As long as we are talking hubs. Silver hubs yes... those pre 2007 Record hubs are awesome. I am actually okay with black hubs too BUT hubs with some distinct shape rather than some nondescript design barrel hubs as present. The visual design rating of the present ones is a great big zero. Technically I like them but the definitive, distinctive shape is what is really missing. A hub shape that gives the manufacturer identity even if there was no name on the product. For me the only Campagnolo ones that still currently retain and have some distinction are the hubs used on the Hyperon and Bora wheels.


----------



## humanbeing (Dec 4, 2009)

I love silver components too.
My steel lugged frame was built with alloy Ultra Shift/Ultra Torque Athena, nice Chorus hubs, Cinelli 1A stem, retro Cinelli bars and a shiny Record seat post. The only fly in the ointment are the carbon levers on brakes and shifters.

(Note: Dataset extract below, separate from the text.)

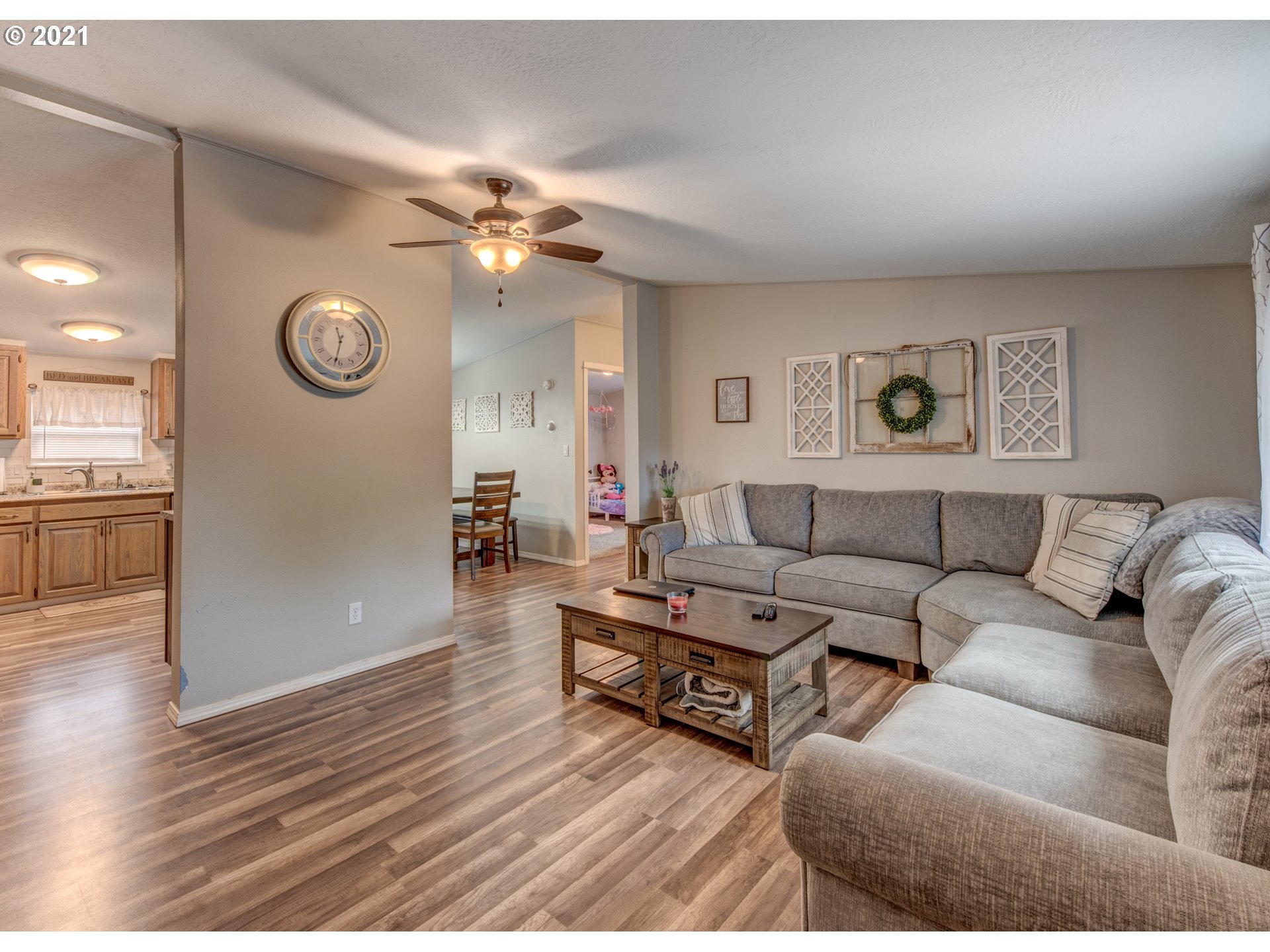1695 Bailey Hill Road Eugene, OR 97402 - Photo 3 of 18 Gallery Image 3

I can live with that - just.
Cheers,
Peter


----------



## jmoryl (Sep 5, 2004)

With the Athena group it appears that Campy is aware of the appeal, but has gone back into silver in a sort of half-assed way. And I agree, some nice shiny hubs would be great (don't care for those carbon ones above, either).


----------



## Kristatos (Jan 10, 2008)

I like the look of a matte finish carbon bike with blacked out carbon components (a.k.a. murdered out) but if I were to build a retro-looking steel bike I guess I'd want to find retro-looking components or at least polished alloy versions of whatever is new.


----------



## Bill Bikie (Jul 24, 2010)

*Didn't know they went away*

I think silver components would look great on a B on B Dogman or quatro. Sure, bring em back.


----------



## SSRider (Sep 25, 2007)

i just bought some silver athena 11 for my around town build. can't wait to build it up.


----------



## Bill Bikie (Jul 24, 2010)

SSRider said:


> i just bought some silver athena 11 for my around town build. can't wait to build it up.

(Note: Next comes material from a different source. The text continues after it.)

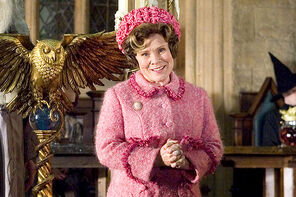 Discurso de presentación de Dolores Umbridge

Silver on that bike will look super. Black components would contrast too much with the frame. When you publish an image of the new build I'll put a copy of that image in my cycling folder.


----------



## Don4 (Jul 29, 2010)

While we are on the topic, the aesthetics of polished components just work with some bikes, while some look better with carbon. When I brought my '83 Trek 560 into the 21st century this winter, I did it with Athena 11, using Chorus shifters, to maintain the look, while radically improving the function.

*Before*

View attachment 258421


*After*

View attachment 258422


----------



## Bill Bikie (Jul 24, 2010)

Don4 said:


> While we are on the topic, the aesthetics of polished components just work with some bikes, while some look better with carbon. When I brought my '83 Trek 560 into the 21st century this winter, I did it with Athena 11, using Chorus shifters, to maintain the look, while radically improving the function.


Very nice. I like to see upgrades of older bike with Campy. The newer bars are definitly more comfortable and encourage more use of the drops by recreational cyclists. The trend is also toward a narrower bar. Aerodymamics trumps the so-called 'expanding the chest for easier breathing' theory.

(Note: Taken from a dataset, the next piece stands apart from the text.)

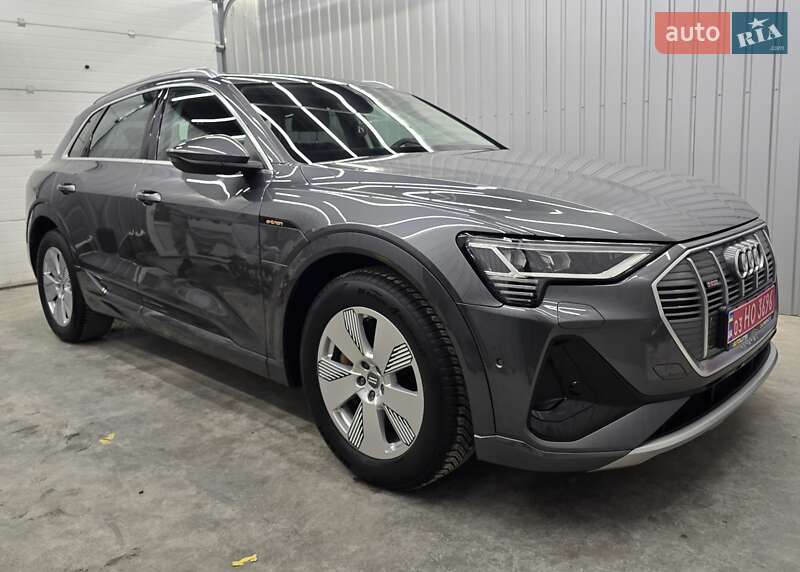 Позашляховик / Кросовер Audi e-tron 2020 в Луцьку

Nice upgrade, though the frame does look a bit out of proportion in relation to the stem etc. Dam...it's fun to tinker with a bike!:thumbsup:


----------



## pigpen (Sep 28, 2005)

SSRider said:


> i just bought some silver athena 11 for my around town build. can't wait to build it up.


What hubs are those?


----------



## charlox5 (Jan 31, 2011)

YES! celeste and silver components looks great. black and celeste look good together too, but does celeste ever look bad? looks better with silver, imho.

i tried to get as much alloy as possible for my retro-modern bianchi build, but the used centaur 10 group i found for cheap has the carbon derailleurs and levers. i'd love to trade the parts out for the alloy versions, but fear it'll cost me too much for what amounts to minor aesthetics.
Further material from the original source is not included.